Image-text web data:
━━━━━━━━━━
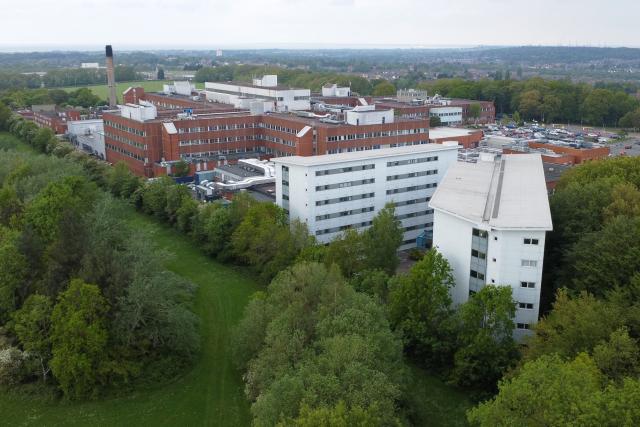 An overhead view shows Arrowe Park Hospital, where British nationals set to be repatriated after contracting hantavirus aboard an Atlantic expedition cruise ship are set to be quarantined, in Wirral, north west England on May 9, 2026. Repatriation flights for passengers aboard the cruise ship MV Hondius, hit by a deadly hantavirus outbreak are already planned to the United States, Britain, France and other countries, Spain's interior minister announced on on May 9,2026. The British passengers will have to isolate for 45 days once they return to the UK, and will be closely monitored and tested by the agency. (Photo by Annabel Lee-Ellis / AFP)
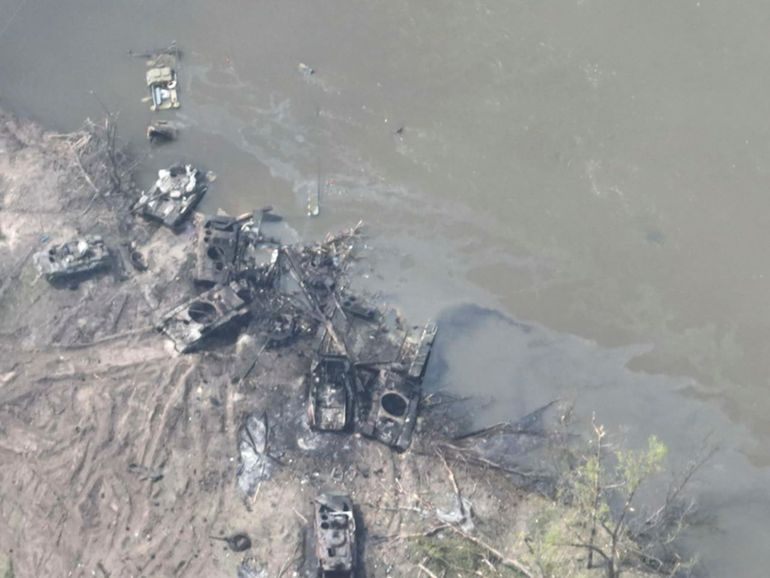 En esta fotografía, proporcionada por las fuerzas armadas de Ucrania el jueves 12 de mayo de 2022, puede apreciarse un puente de pontones en ruinas con docenas de vehículos blindados rusos destruidos o dañados en las dos márgenes del río Síverskyi Donets, luego de que el puente fue volado, en el este de Ucrania.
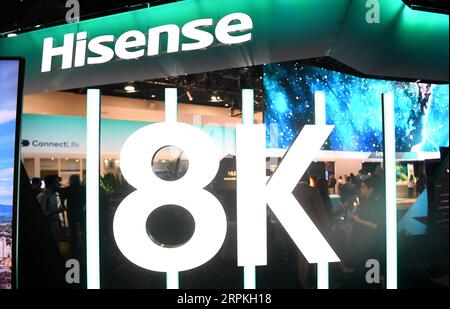 200111 -- LAS VEGAS, 11. Januar 2020 -- Foto aufgenommen am 7. Januar 2019 zeigt Hisense's Ausstellungsstand des 8K-Fernsehens auf der 2020 Consumer Electronics Show CES in Las Vegas, USA. Xinhua HeadlinesU.S.-LAS VEGAS-CES-CHINESISCHES UNTERNEHMEN-FÜHRENDES PRODUKT WuxXiaoling PUBLICATIONxNOTxINxCHN Stockfoto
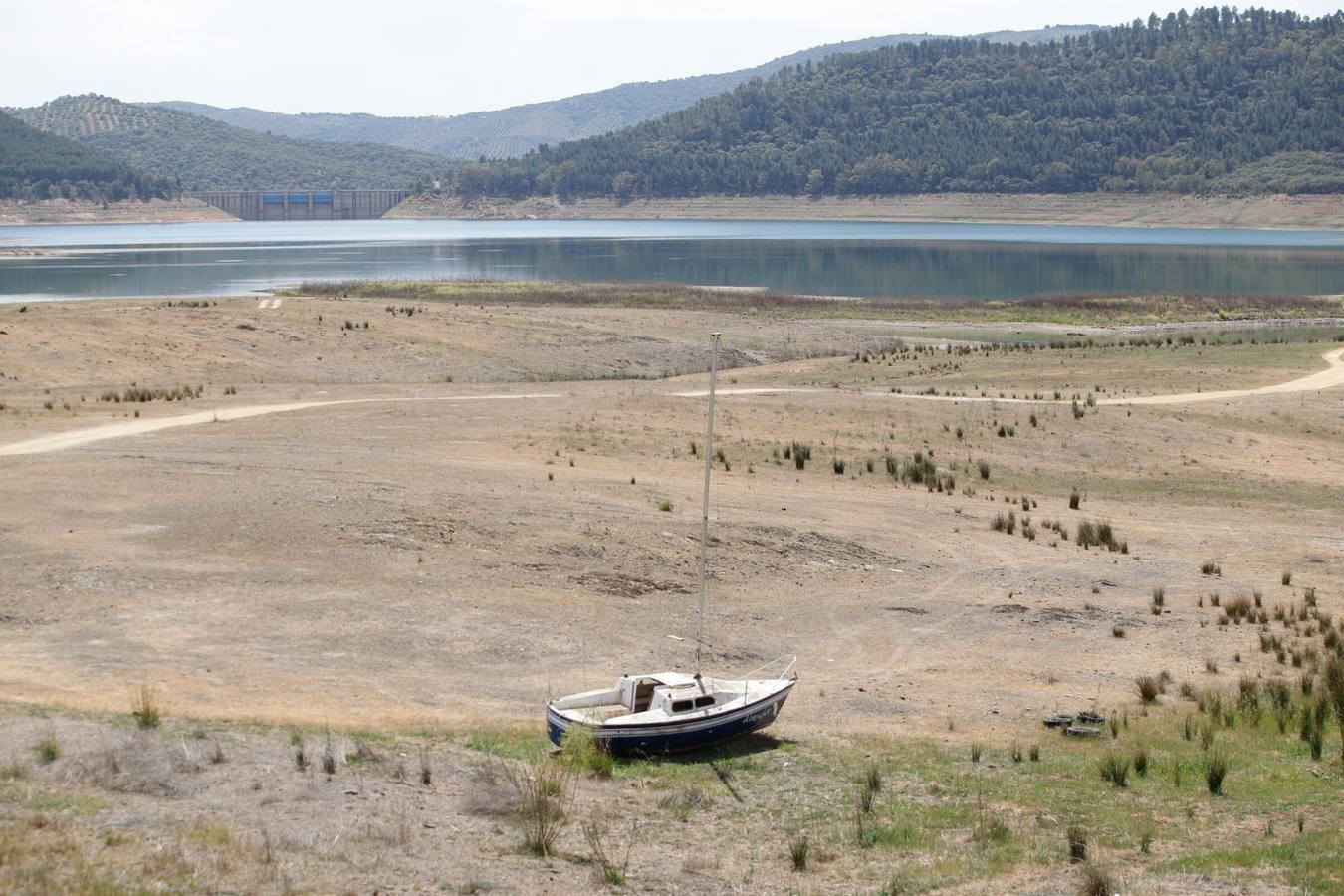 El impactante paisaje de sequía en los pantanos de Córdoba, en imágenes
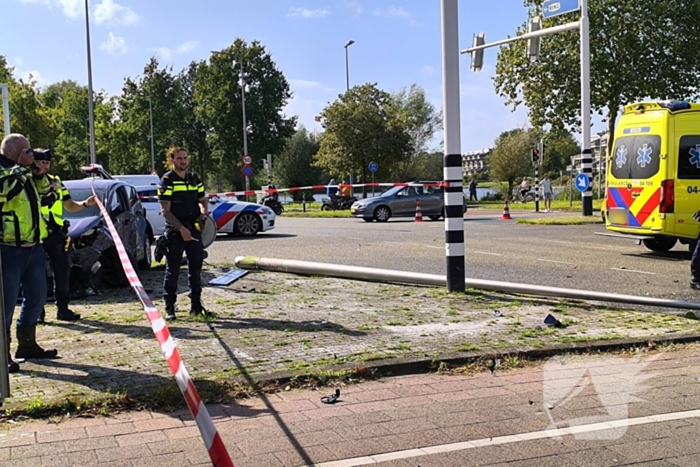 Persoon met handboeien meegenomen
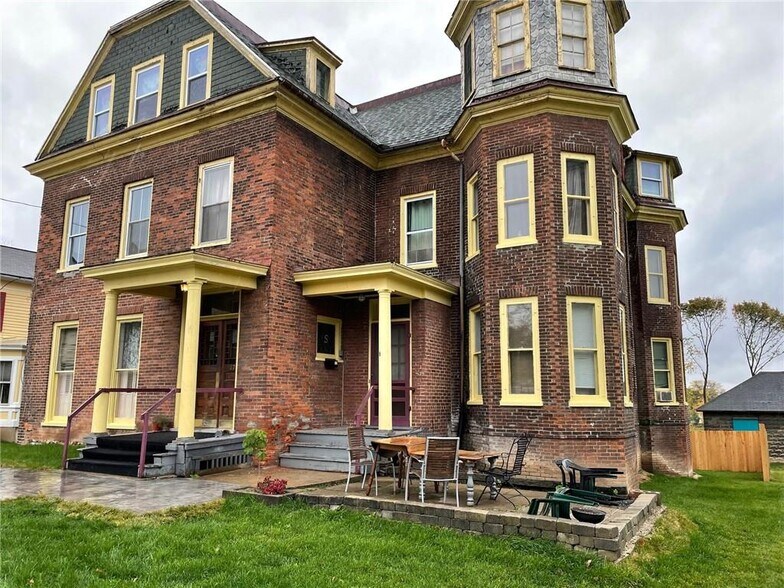 17 Genesee Park Plz, Geneva, NY for sale - Primary Photo - Image 1 of 1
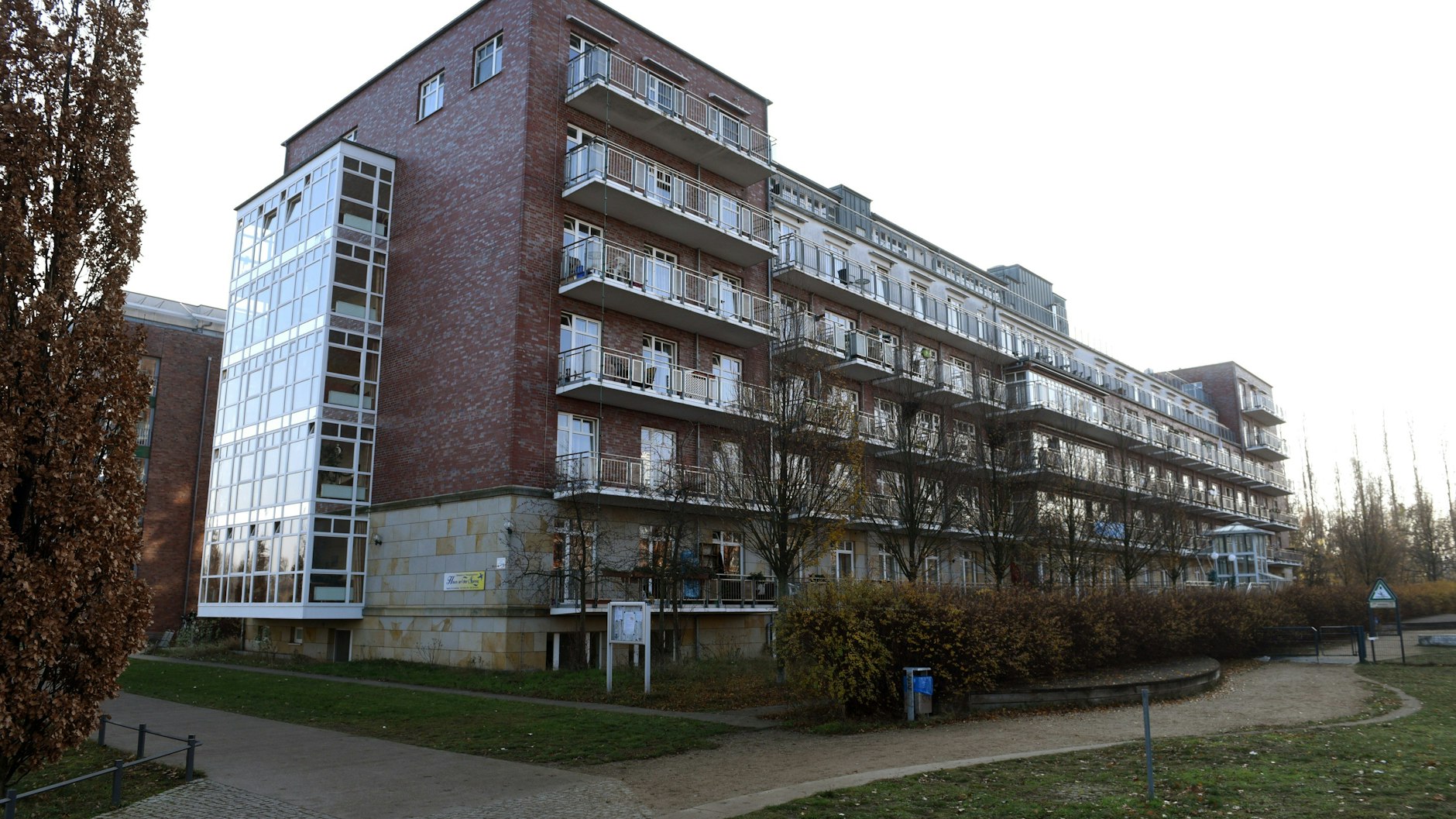 Das Seniorenheim „Haus an der Spree“ in Friedrichshain. Hier haben sich mehr als 50 Heimbewohner mit dem Coronavirus angesteckt.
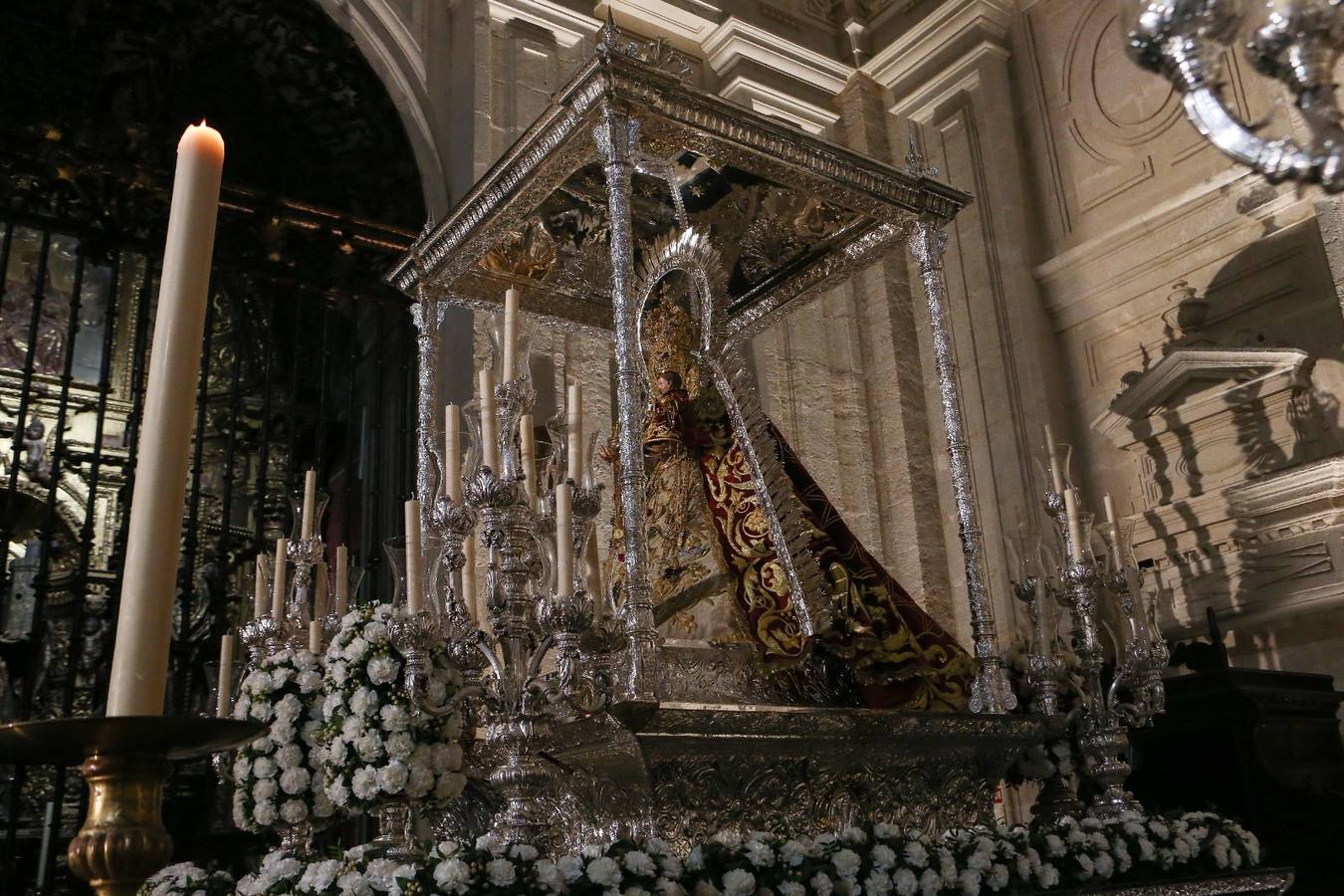 Las Vírgenes de Setefilla, Valme y Consolación lucen en sus pasos antes de la Magna del domingo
━━━━━━━━━━
#### TASK GOAL:
With pictures omitted, restate word for word every line above from the one containing "Das Seniorenheim „Haus" to the end of the entries.

#### WRITTEN RESPONSE:
 Das Seniorenheim „Haus an der Spree“ in Friedrichshain. Hier haben sich mehr als 50 Heimbewohner mit dem Coronavirus angesteckt.
 Las Vírgenes de Setefilla, Valme y Consolación lucen en sus pasos antes de la Magna del domingo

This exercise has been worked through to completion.